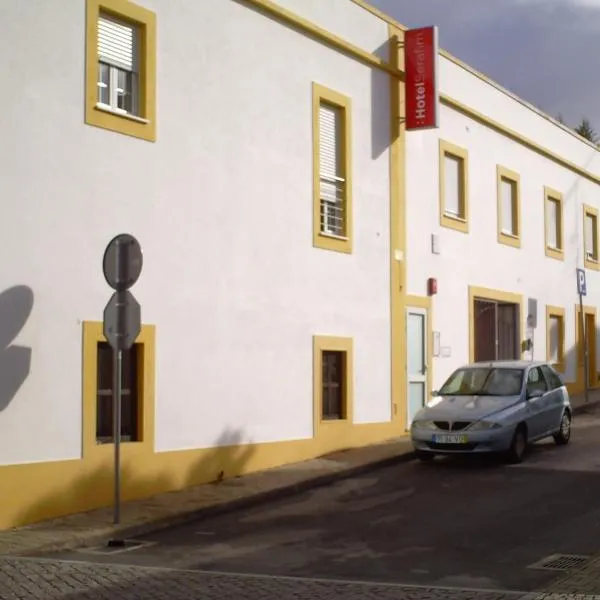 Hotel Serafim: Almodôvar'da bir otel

* * *

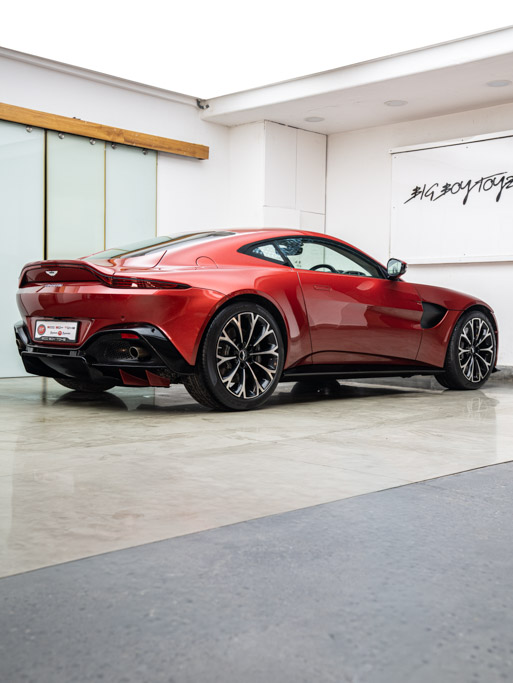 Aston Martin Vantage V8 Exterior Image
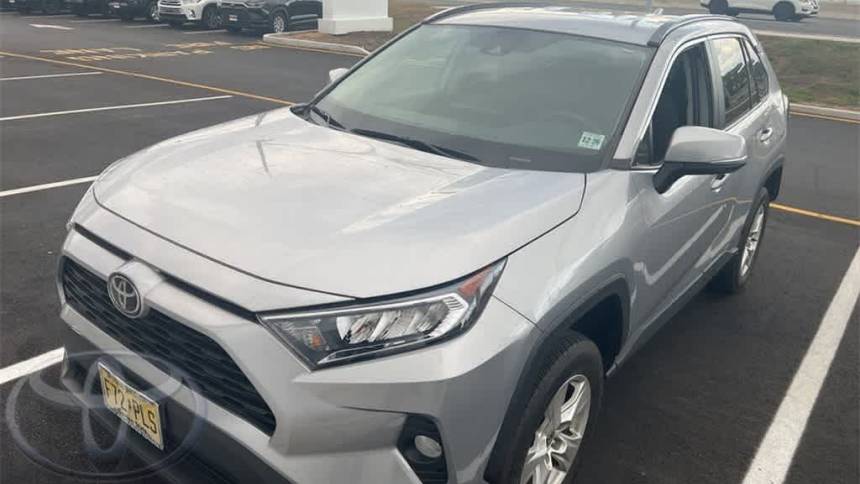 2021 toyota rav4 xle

---

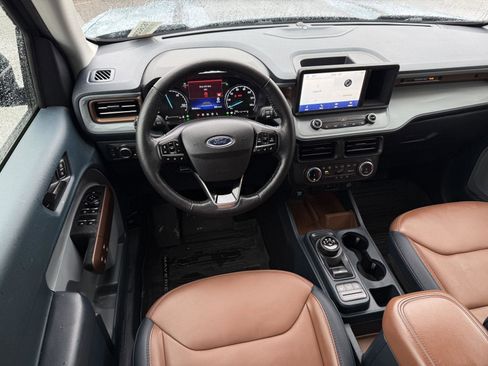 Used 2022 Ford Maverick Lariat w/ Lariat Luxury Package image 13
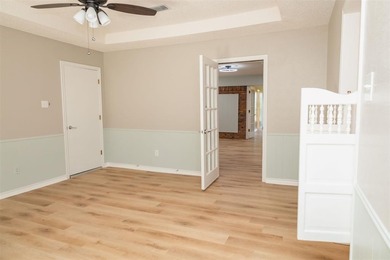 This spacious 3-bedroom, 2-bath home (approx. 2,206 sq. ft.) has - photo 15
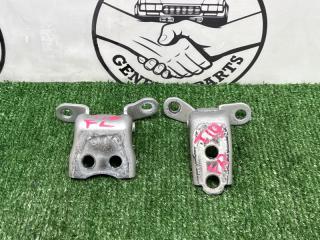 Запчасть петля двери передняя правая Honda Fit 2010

__Exercise directions__:
Lines from the one above containing "This spacious 3-bedroom, 2-bath" down to the one containing "Запчасть петля двери" should be transcribed exactly, with both ends kept and no pictures.

__Response area__:
 This spacious 3-bedroom, 2-bath home (approx. 2,206 sq. ft.) has - photo 15
 Запчасть петля двери передняя правая Honda Fit 2010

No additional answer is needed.